Le soir, l’excitation monte. Fahrid nous avoue qu’il a peur de nous retarder ; c’est vrai qu’avec ses problèmes de genoux, ça lui prend du temps de descendre. Je le rassure ; on est une team, chaque rythme est un bon rythme ! Ashkan nous explique le programme du lendemain, à commencer par le réveil à 4h. Ouch.
Nous nous couchons mais aucun de nous ne réussi vraiment à dormir. Lorsque le réveil sonne, je n’ai toujours pas dormi. Peu importe, une grosse journée nous attend. On prend le petit-déjeuner à la frontale car à cette heure-ci, les panneaux solaires n’ont pas grand chose à offrir.
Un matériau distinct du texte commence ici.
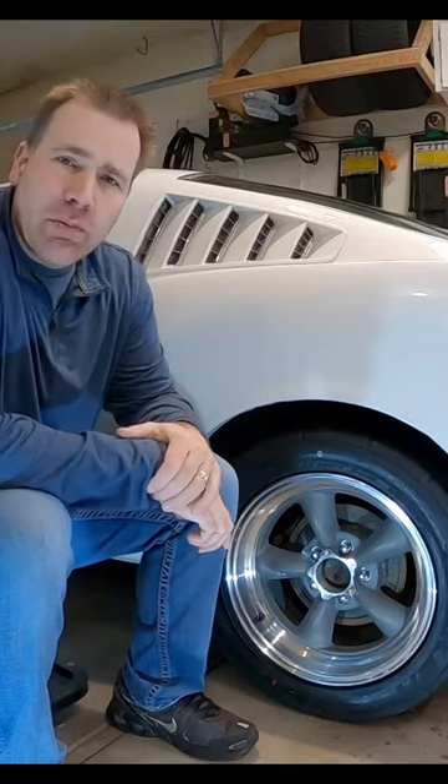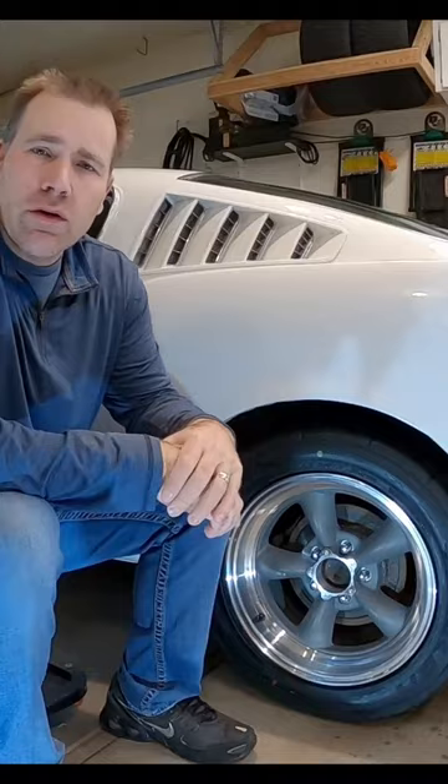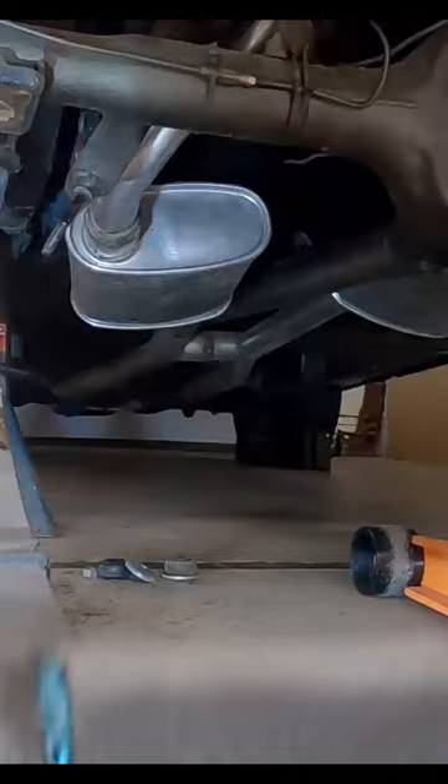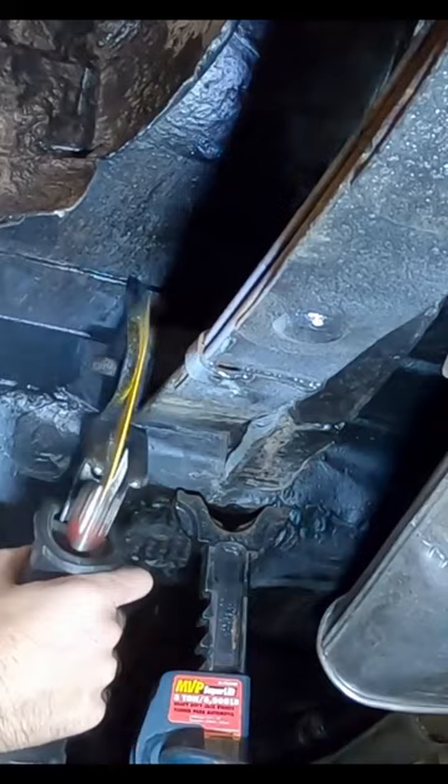We're gonna take the stock leaf springs off my 66 fastback and replace them with some lowered rear leaf springs. I have been working on this bolt for a couple hours, so we're gonna have to resort to cutting it. All right guys, we got it cut.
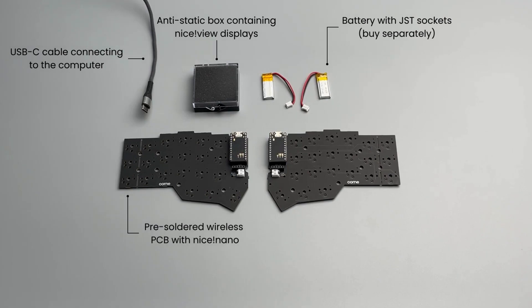Welcome. In this video, we'll guide you through the process of setting up your new wireless Corne keyboard.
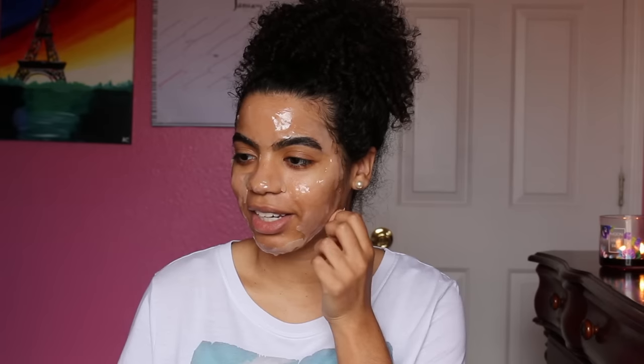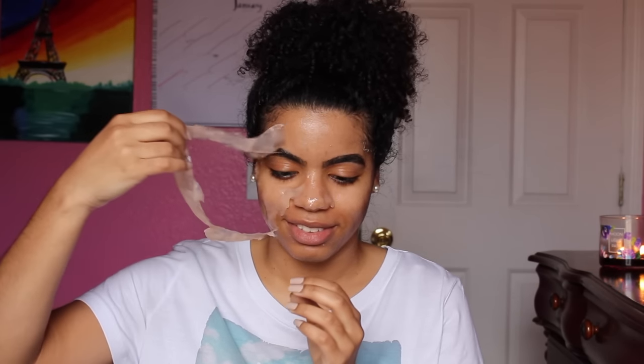It's been about 30 minutes and now I'm going to finally take off this mask. I can kind of feel it — oh yeah, something just snapped! It feels very jelly. It comes off easy.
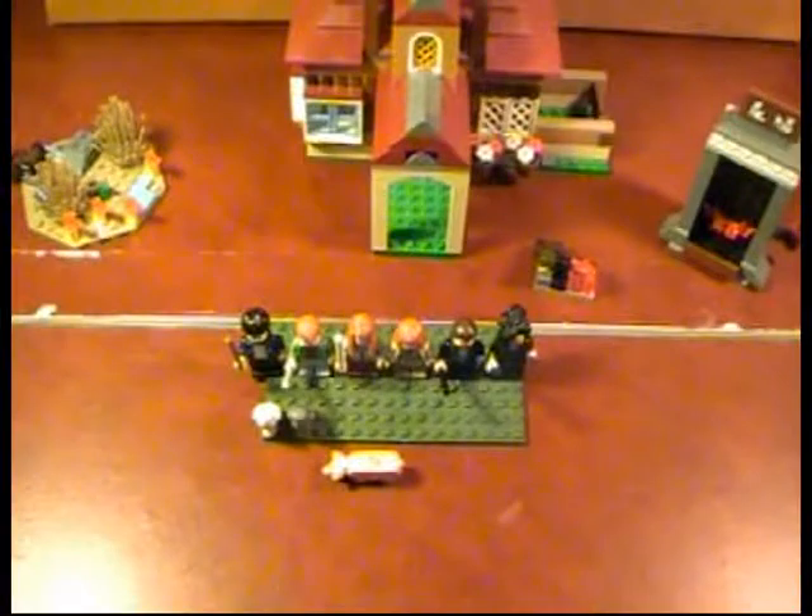Hello, this is Duct Tape Master's Assistant coming at you with my very first Harry Potter Lego set. This set has 350 pieces and is called the Burrow. I'm not sure the price — I think $85.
Nous devons attendre une demi-heure que le responsable nous ouvre la cuisine et prenons du retard sur le programme.
Un peu avant 5h, nous partons en quête du sommet, à la frontale. La rythme est bon, le souffle essaie de suivre. Le soleil se lève derrière nous. Le vent s’absente la matinée, nous lui en sommes reconnaissants. Il ne fait pas trop froid, mais l’ascension est difficile. Stephan est venu en vélo depuis l’Allemagne, il est le seul à avoir une condition physique un tant soit peu maintenue. Vers 4800m, je peine vraiment mais prends ma revanche sur le Mont Blanc ; quel plaisir ! Je prends un rythme à moi pour survire vers 5000m. Tobi peine encore plus, il doit s’arrêter après chaque trois pas. Fahrid suit en retrait avec Zara. Stephan mène la marche aux côtés de Ashkan. Moi je suis au milieu de tout ce beau monde et me concentre sur mes pas, c’est fou ce que l’on va loin en se répétant “un, deux, trois”.
Notre bon rythme se transforme en un rythme acceptable.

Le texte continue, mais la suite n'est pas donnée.